Report取材レポート

Bon appétit Ishikawa!/Tori-gai

七尾湾が育む奇跡の滋味。美食家を唸らせる「能登とり貝」の比類なき旨さ。[Bon appétit Ishikawa !/石川県]

『respiración(レスピラシオン)』の梅 達郎シェフが、能登とり貝で作った一皿。ごく浅くボイルした能登とり貝に、能登のワラビ、山ウドを合わせ、セリのオイルと貝出汁のソース、新玉ねぎのソース、柑橘の泡と共にいただく。

困難を極めた種苗生産研究を経て、本格的な養殖へ。

新崎漁港をあとにした『レスピラシオン』のオーナーシェフ・梅 達郎氏が向かったのは、能登半島屈指の良港である宇出津港の近くにある石川県水産総合センター。同センターは、石川県の資源管理型漁業の推進等を目的にした研究施設です。卵から出荷まで人の手で育てられる完全養殖で生産される能登とり貝は、こちらでの採卵と種苗生産に端を発します。

同センターの企画普及部長・濵上欣也氏は、能登とり貝養殖の黎明期から携わるひとり。

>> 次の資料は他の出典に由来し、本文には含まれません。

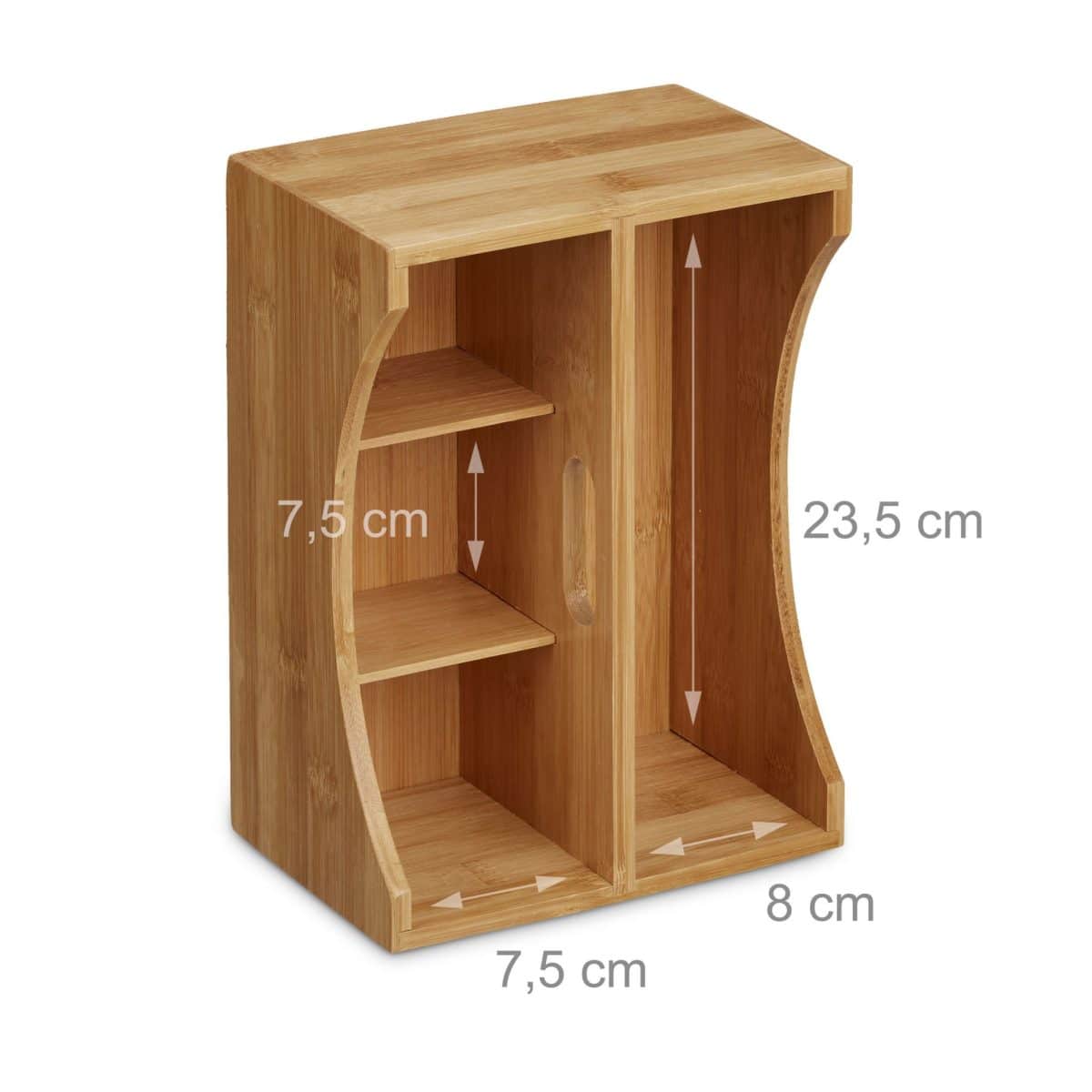 Organizator de birou, maner, 4 compartimente, bambus, 12 x 25 x 18 cm - imagine 3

豊凶の差が激しい天然とり貝資源の維持・安定を図るため1988年から、とり貝の種苗生産の研究がスタートしたと振り返ります。
「とり貝の卵は65ミクロン(ミクロンはミリの1/1000)しかなく、まず採卵や人工受精に高い技術を要します。とり貝はとても弱く、受精できても、2週間ほどの浮遊幼生期になぜか死んでしまってうまくいきませんでした。飼育する水温を微調整したり、餌の種類を変えたり、とにかく手探りでなんとか生き延びてもらうために試行錯誤しました。2晩徹夜して見守ったこともあります。プロジェクトの初年度から2年間担当した私はまだ24歳でしたから、とにかくがむしゃらにやっていましたね。そうして、なんとか1cm以上にまで稚貝を育てるまでに至り、数年間生産が行われました。しかし、その後、技術的な困難性や事業の効果を踏まえ、あえなく中断となってしまいました」

とり貝の漁獲低迷がさらに深刻化した頃、今度は出荷まで人の手で育てる完全養殖を目指したプロジェクトがスタートしました。2009年の予備試験で一定の成果があったので2010年から本格的に種苗生産試験と養殖試験が開始されました。漁業者への養殖技術指導などを経て、2015年についに本格出荷に漕ぎ着けます。漁業者へ10万個の稚貝の配布及び、6万個の市場出荷を目指したものの、数年は3万個台程度の出荷に留まります。研究を進めていくうちに、海水温と貧酸素、餌の量といった環境の影響が大きいことが分かり、とりわけ夏場の高水温を避けることの重要性が明らかになってきました。そこで、2019年には前出の安定生産支援システムを設置し、漁業者がいつでもスマートフォンで海中の状況を確認できるようにソフトウェアを稼働させました。これにより、出荷量が飛躍的に伸びたのです。

石川県水産総合センターにて。35年前、とり貝の種苗生産プロジェクトに若くして参画した企画普及部長・濵上欣也氏(右)。異動によってとり貝の事業から離れていたが、2009年から再びとり貝の完全養殖の推進に取り組んできた。
石川県水産総合センターの一角を借りて、能登とり貝のボイルと試食に取り組む梅氏。
茹で上がった能登とり貝。鳥のくちばしを連想させる黒く尖った身が特徴。
梅氏は食感や風味を入念にチェックしながら、本来の持ち味を最大限に引き出す調理法に思いをめぐらせる。

心地よい食感、強い甘み。その旨さ、完全に別物。

能登とり貝は、重量サイズ別に5つの区分(プレミアム・特大・大・中・小)で出荷されています。最大のプレミアムは殻付き重量で200g以上。出荷量全体のわずか1%未満と言われる希少品です。石川県水産総合センターで獲れたての能登とり貝を試食させていただきました。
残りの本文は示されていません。